What’s on the Ballot in California?- Part 1
There is more to this year’s election than selecting the President of the United States. (There is also more than just Mitt Romney and Barack Obama on the ballot as well but that’s another discussion entirely). Along with individuals electing officials from party-nominated, voter-nominated and nonpartisan offices at the district, city, state and national levels, your state will also tack on propositions, or submitted measures, for registered voters to pass if they feel that it is necessary.
These measures end up on the ballot by either the Legislature, which has the ability to place constitutional amendments, bond measures, and proposed changes in law on the ballot or by any California voter who follows the initiative qualifying process.
After these selected initiatives, or a referendums, are placed on the ballot the state’s voters can go to the polls and select “yes” or “no” to support or oppose the advocated a course of action imposed from a specific viewpoint.
In the 2012 election there are eleven measures submitted to the voters. They cover different subjects, often include an influx in state tax revenue for execution and they are sometimes a little vague if you decide to read their descriptions for the first time while you’re standing at the voters’ booth.
Here are Propositions 30-33. Read the rest of my summarized endorsements next Friday.
My endorsement: Yes
This Proposition is very important for anyone in college, paying for college, or planning on going to college. This propositions calls for increase in revenues for K-12 and Community Colleges from $5.4 billion to $9 billion annually through 2018. Proposition 30 will eliminate the need for more cuts to higher education, which I and my fellow college students have literally paid for with increased tuition and numerous cuts to classes.
The measure will raise the funds through Increase Personal Income Tax (PIT) rate on individuals making $250,000 or more during a seven year temporary increase, and unlike Proposition 38, 89 percent of revenue would go to K-12 and 11 percent of the revenue would go to California Community College System. That means no tuition fee increases for 2012-13, and those in the California State University (CSU) system won’t need to face $250 million trigger cut, i.e. (for my fellow Broncos reading this) $12 million would not be cut from Cal Poly Pomona.
If the Proposition fails, however, a potential student tuition fee increase of about 5 percent will be effective January 2013, and it will determine whether 20,000 CSU-eligible students will be admitted next fall, including potential graduate students like me who really want to stay in the CSU system.
My endorsement: No
This proposition is naming a “two-year budget cycle; a limitation on what state government can do without first demonstrating it has the revenue to do it; executive power to slash the budget when revenues come up short” according to research, but the language is so vague that I have a definite problem with saying yes.
There needs to be rephrasing before it gets put back on a ballot again, because the “other, potentially more significant changes in state and local budgets, depending on future decisions by public officials” section of the measure is worrisome without proper regulations.
My endorsement: No
I’ve been a little up in the air about this measure from its inception, again because of the vague language and what it is proposing. At a first glance it sounds like this proposition is going to take charge of special interest groups and keep them in line, but a double take of the wording reveals that its true target is labor unions.

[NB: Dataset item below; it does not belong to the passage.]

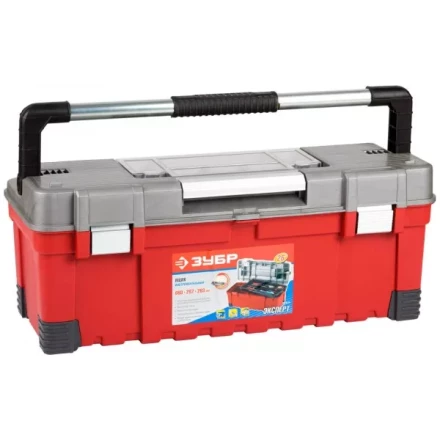 Ящик ЗУБР &quot;ЭКСПЕРТ&quot; пластмассовый для инструмента, 26&quot; 38135-26 купить в Губкинске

At the moment, the language is too vague for me to say yes even though this proposition would lead me to believe that it “will reduce corporate and union influence and make politicians more accountable to voters.” The possibility that “it would also ban government contractors from contributing to elected officials involved in awarding their contracts,” is what doesn’t make me want to jump on board and vote yes.
My endorsement: No
The discounts on auto insurance proposed in this measure aren’t consistent with the current discounts that we have out right now. What makes me further question the proposition is the backers which includes funding by Mercury Insurance founder George Joseph. I’ve had trouble finding where the money for these discounts would come from, but I have a feeling it wouldn’t really help with the state insurance premium tax revenues.

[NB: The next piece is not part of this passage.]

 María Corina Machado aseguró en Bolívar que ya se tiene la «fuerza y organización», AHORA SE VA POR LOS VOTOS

I urge you to do your own research on the measures and double check facts yourself because, like I realized with the few publications that I usually turn to, you won’t agree with everything you read in an opinionated post. If you can, post counter arguments in the comment section below and reference other materials and research to persuade me otherwise. Just remember to do so before Tuesday, November 6 rolls around and everyone’s at the polls.